INTELECTUALES (2): DRAMA EN VARIOS ACTOS, CON UNA CARRERA DE FONDO AL FONDO

 

Todos tenemos manos, pero unos son manitas y otros somos manazas. No todos los que no se dedican a actividades intelectuales --por ejemplo, la mayoría de los albañiles-- son necesariamente manitas. Igualmente, no todos los que nos dedicamos a actividades intelectuales somos necesariamente inteligentes (por ejemplo, Manuel Castells). Por tanto, yo sólo reivindico aquí mi papel de intelectual, lo cual no quiere decir, como demuestra el ejemplo citado, inteligente.

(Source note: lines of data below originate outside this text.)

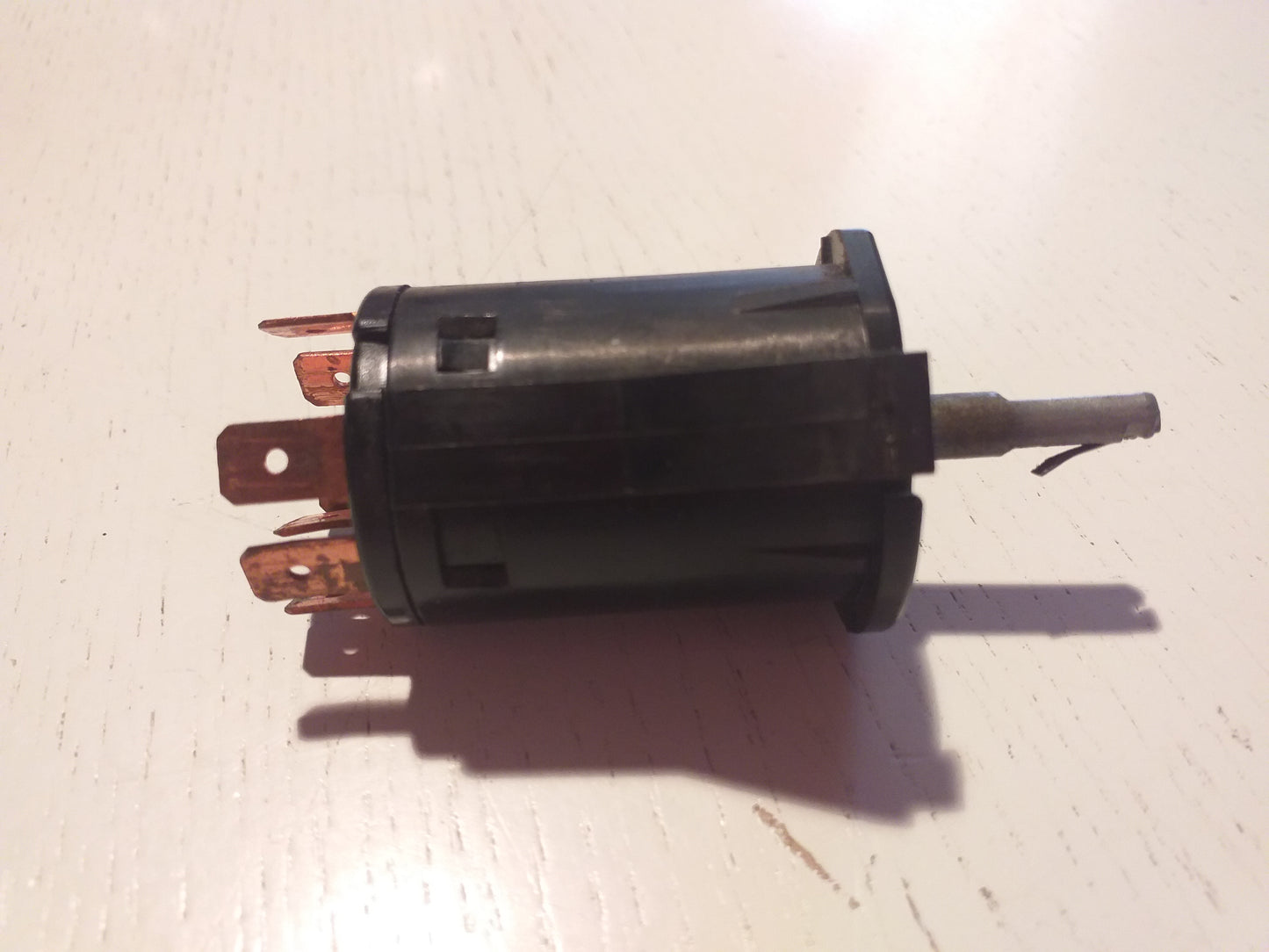 Rekord D Commodore B Lichtschalter original GM Opel NEU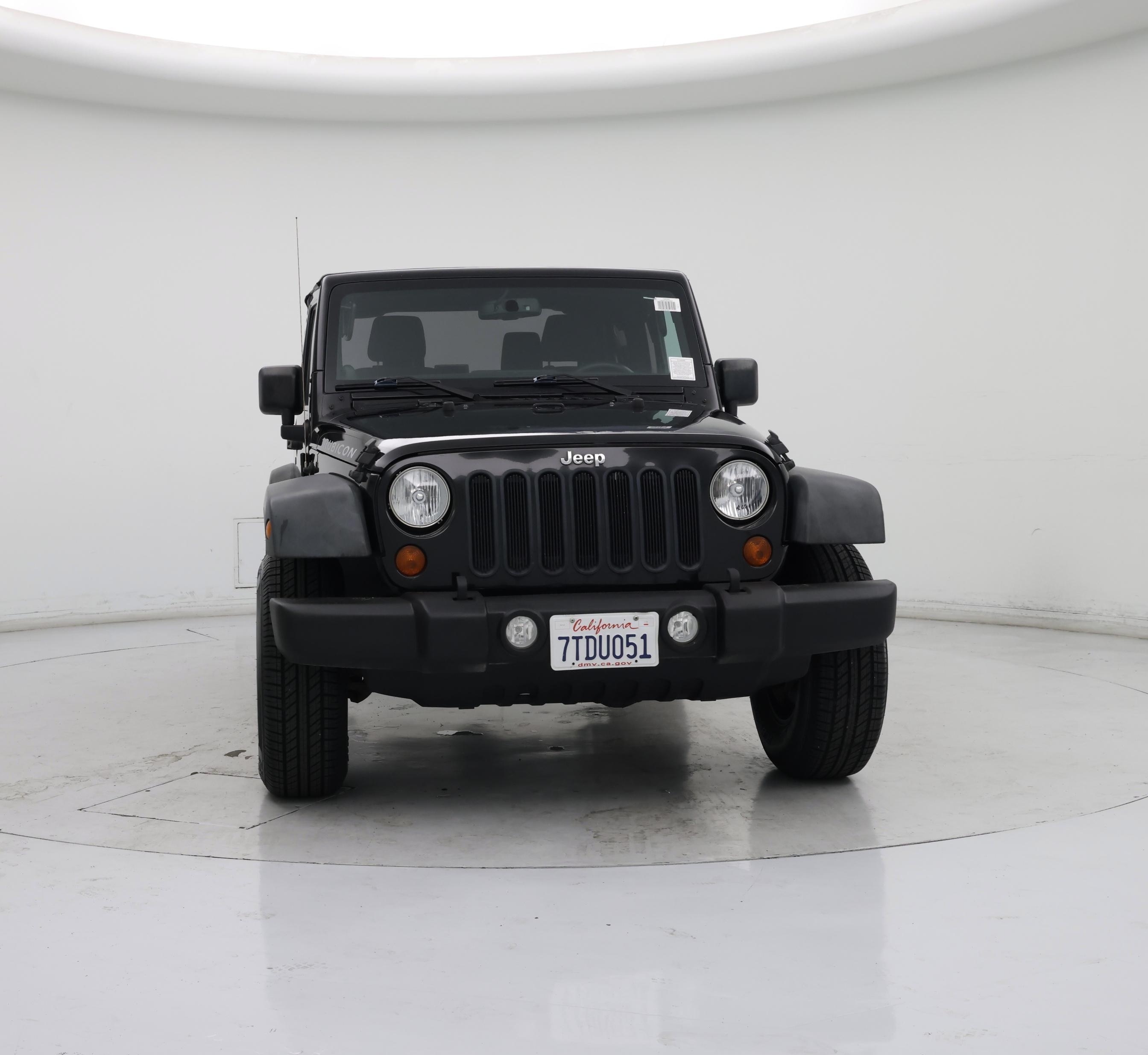 Thumbnail: 2013 Jeep Wrangler - 5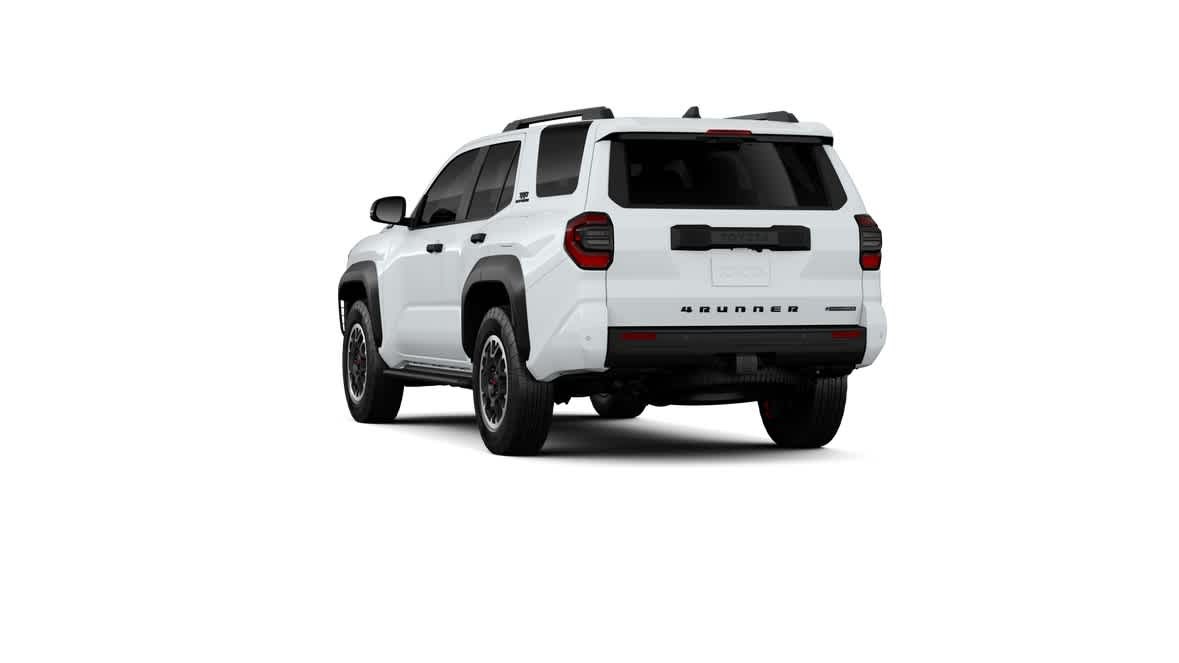 2026 Toyota 4Runner Hybrid TRD Off Road Roseville CA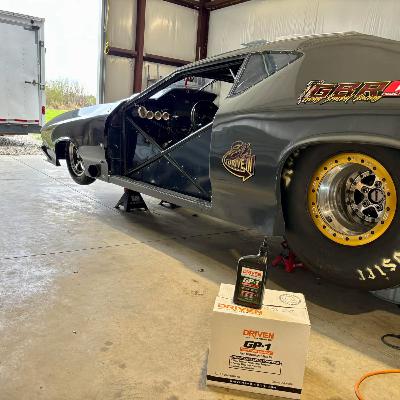 Episode #2: You’re on Fire Ricky Bobby! Ft. Adam Boulia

Aclarado entonces que ser modestos no requiere autoexcluirse de la calificación de intelectual, entremos en materia. A los intelectuales se les atribuye un papel especial en la vida pública, quizás al menos desde la época en que Platón pensara su república de sabios. Pero aquéllos eran sin duda otros tiempos, donde la democracia significaba algo distinto. Hoy, la democracia significa lo que no tenemos y aquello por lo que luchamos: iguales posibilidades materiales e iguales derechos, presupuesto imprescindible para desarrollar de verdad la diversidad individual y enriquecer certeramente la vida social. No me cabe duda de que nada de esto será posible con el capitalismo, a pesar de lo cual algunos intelectuales prefieren imaginar que lo único que es posible es el capitalismo (llueven los media sobre sus cabezas sin paraguas, sus cerebros hacen de filtro, y hablan sus bocas: “amén, Fukuyama”).

Pero me quiero fijar aquí en un aspecto del papel de los intelectuales, a los que, gracias a Dios (que no existe), no represento. Precisamente en este aspecto quiero insistir: cada intelectual tiene que pensar por su cuenta; si no, será sólo intelectual por decreto. Por ejemplo, si mi trabajo se incluye en el “personal docente e investigador” de la universidad, siempre habrá alguna EPA y algún funcionario del INE o de otro organismo que me encasillará, por ese solo motivo, entre los intelectuales. Pero el auténtico intelectual es el que va notando cada vez más nítidamente su soledad de corredor de fondo, y no le importa. Recuerda que antes corría en medio de un pelotón amplio, pero también que --no sabe muy bien por qué-- la gente que había a su alrededor ha ido desapareciendo. Se han ido metiendo en callejones sin salida --que, como en las películas de Hollywood, están siempre llenos de cubos de basura--; o se han dejado deslumbrar por anuncios fluorescentes, y a menudo sonoros, y han perdido el rumbo; o se han parado a descansar, derrotados, en algún bar de esquina... Uno sigue corriendo a paso tranquilo, en dirección a la meta que desde un principio se fijó, o le fijaron, o no tenía más remedio que fijarse, y no entiende qué es lo que hacen los demás (que, encima, de vez en cuando le gritan como si fuera él el que ha descarrilado).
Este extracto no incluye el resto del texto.